### Exercise instructions
Your copy begins at the line with "If you have" and runs through the end of the data below. Set down only those lines exactly, without pictures.

### Data excerpt
*** Block opens ***
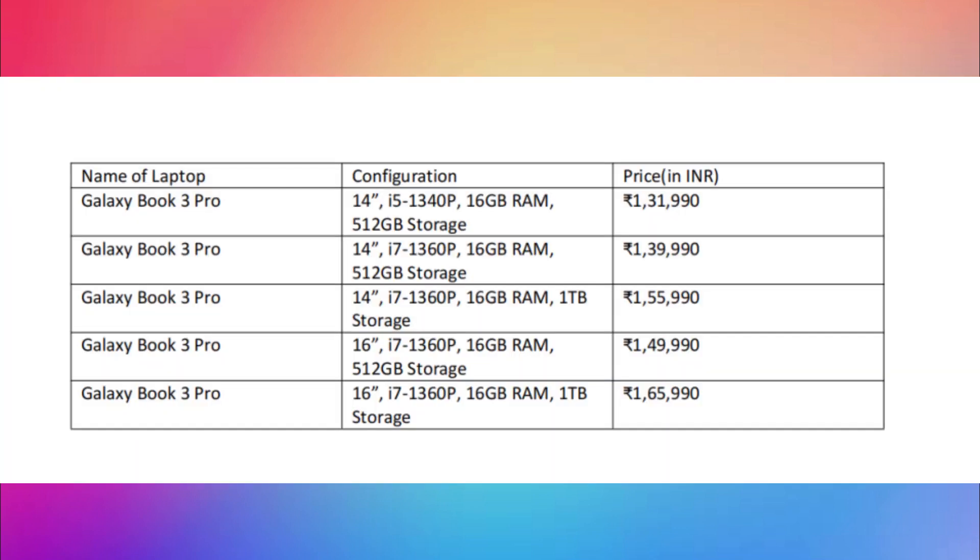The price for the Book 3 Pro starts at 1,31,990 rupees for the 14-inch i5 variant, which is the most ideal one. The Core i7 variant sells at 1,39,990. The 16-inch variant starts at 1,49,990 for the i7 variant only. I'm not sure if these prices are only during pre-order, so check the site later.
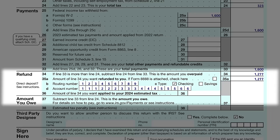Next, the refund or amount you owe section is the grand finale. If you've paid more than you owe, you're looking at a refund; if not, you'll need to settle the difference. The refund is calculated by subtracting total payments from your tax liability. Since John paid more in taxes than his tax amount, he overpaid and is expecting a refund. By subtracting the amount owed from the amount paid, he obtained his overpaid amount and entered the full amount as his refund since he wants it all back.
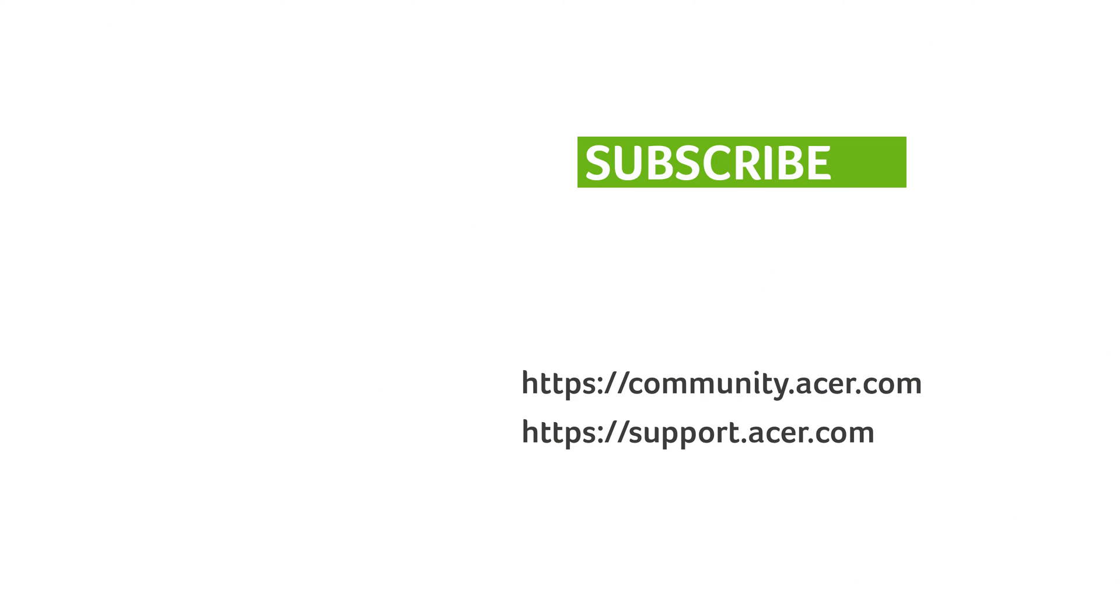If you have any questions, you can always visit the Acer community or our Acer support site, and don't forget to subscribe!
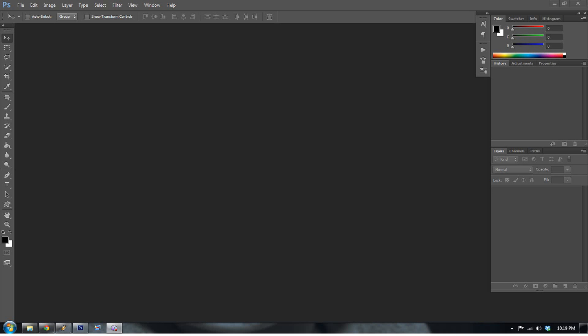Hello, welcome to www.everydayhdr.com. My name is Blake Rudis, and today I want to discuss smart objects and how smart objects can really help your HDR workflow.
*** Block closes ***
### Output
If you have any questions, you can always visit the Acer community or our Acer support site, and don't forget to subscribe!
Hello, welcome to www.everydayhdr.com. My name is Blake Rudis, and today I want to discuss smart objects and how smart objects can really help your HDR workflow.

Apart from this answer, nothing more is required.